At most initial interviews we listen to what clients tell us to be the history of the marriage and the asset pool we are addressing and attempt to predict an equitable distribution result.  Sometimes our predictions are very accurate; sometimes they are not.  Perhaps because they are bashful, many clients do not stop to ask us, why is it that the marital estate is not being equally divided in an equitable distribution proceeding in Pennsylvania. A very fair question indeed since a lot of money can compose the difference between an equal (50/50) split and the seemingly extreme 60/40 split.

Pennsylvania adopted equitable distribution of marital property in 1980.  Before that, all property was divided based upon title.  If I owned something it was mine and you had no claim.  If it was in your name, it was yours even if I paid for it, built it, played in it or whatever else.  If property was jointly held, that property was to be divided equally.


The 1980 amendments (which remain the law today) were intended to make for an “equitable distribution”. Title to property no longer really mattered.  If it was acquired during the marriage, the property was marital without regard to who held title.  The 1980 law also set forth approximately 10 factors that the Court was to consider in deciding how to divide the property between spouses.  This is in contrast to the law in community property states (mostly in the Southwestern US) where property is always divided equally.


The factors have been amended in 1988 and again in 2005.  But some are more important than others.  The two biggest factors are ordinarily the length of the marriage and the earnings disparity between the parties.
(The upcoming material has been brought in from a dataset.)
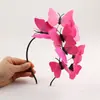 Diadema de Guirnalda de la Selva Amazónica Exagerada Accesorios para el Cabello de Novia Estilo Mariposa Estudio Fotográfico Pasarela Escenario Accesorios Diadema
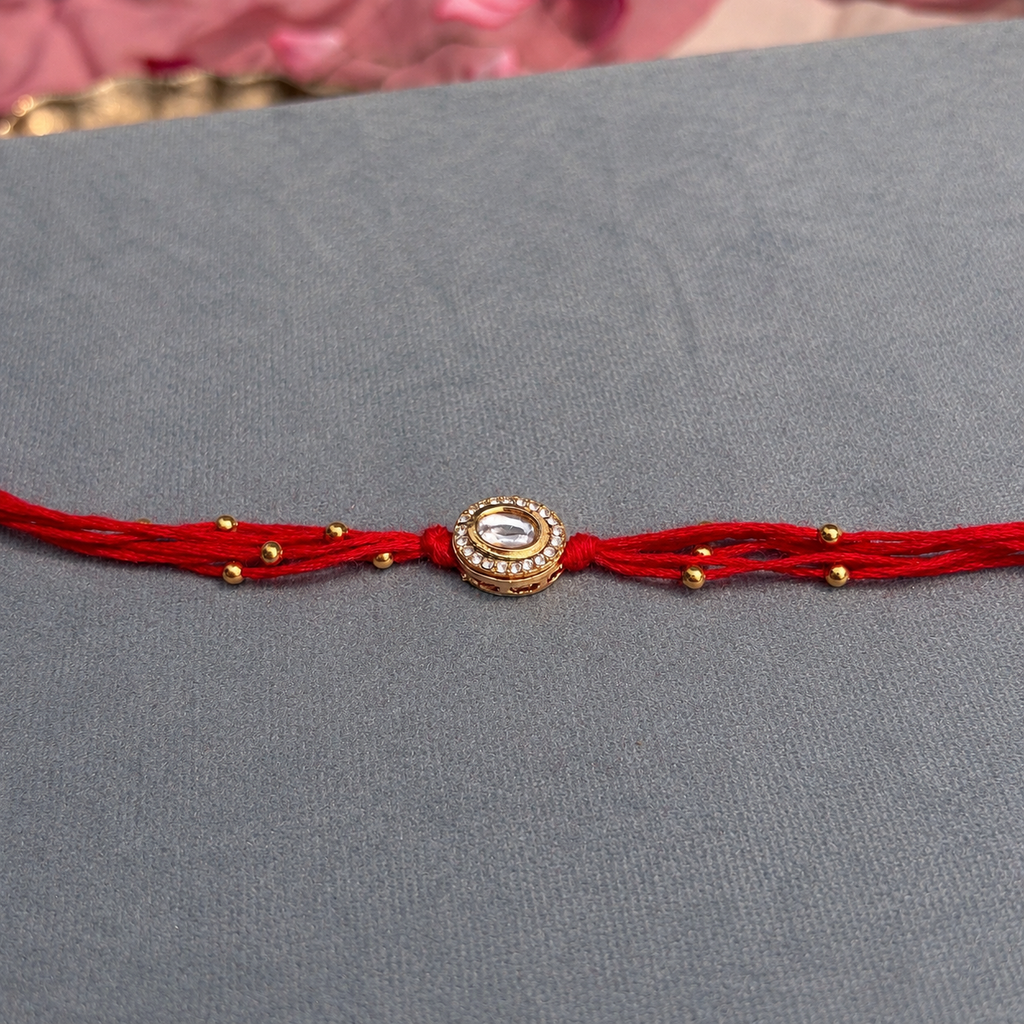 Kundan Halo Rakhi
The longer the marriage, the more the earnings disparity comes into play.

Most people today are married when they are young and there is not a large disparity in incomes.  As the marriage progresses, it is fairly common for one party to put a focus on family while the other sustains a focus on career.  The result is often that after several years of marriage one spouse out-earns the other by a factor of 1.5-4x.  Often the family oriented spouse comes through the divorce with a history of no employment for several years.


The disparity in the division of assets ordinarily favors the spouse who is at the economic disadvantage from an income viewpoint. In a 20 year marriage if one spouse is earning $125,000 a year because the focus remained on career while the other is earning $30,000 a year, a court will look at this and focus on the fact that coming out of the lengthy marriage, the advantaged spouse has 3x the ability to accumulate future assets before retirement and, often, the most productive years are behind both of them. If the couple is 50 years of age, the spouse with the $120,000 earnings can reasonable anticipate on another $1,800,000 in income before retirement on a pre-tax basis.  The spouse making $30,000 is looking at an earnings potential more in the $450,000 range.  That is a pretty large spread and, in the minds of most hearing officers and judges, it more than justifies a split in favor of the disadvantaged spouse. Typically, folks with this kind of earnings history might have a marital estate of $350-500,000.  The difference in affording a 60/40 split rather than 50/50 would be $35-50,000 in terms of the shift in equitable distribution, an amount that the advantaged spouse can make up by reason of the earnings disparity in a little more than 1 year. Historically, this kind of case has not resulted in any significant alimony award.  But that trend is changing as we are seeing Courts look more favorably upon alimony as a supplemental remedy.  Court ordered alimony is modifiable and terminates upon remarriage or cohabitation. Our impression is that alimony is being viewed with more favor because of its modifiability.  In the past, a 50 year old with a solid earnings record in the 100,000+ range was viewed as having reliable earnings for the rest of his or her career.  Today, that is no longer a certainty as employers tend to thin the herds of employees by resort first to the most expensive ones.  If the payor spouse loses a job the alimony can be modified or extinguished.  We are seeing more conservative distributions (not as disparate) but they appear to come coupled with lengthier and greater alimony awards.

In most cases, equitable distribution awards actually reference all of the factors found in the Divorce Code. But length of marriage and relative earnings are the big two followed by a sizable non-marital estate and/or the role of a parent as primary caretaker.  The other factors are in play but they tend to be the tail and not the dog in the process of dividing a marital estate.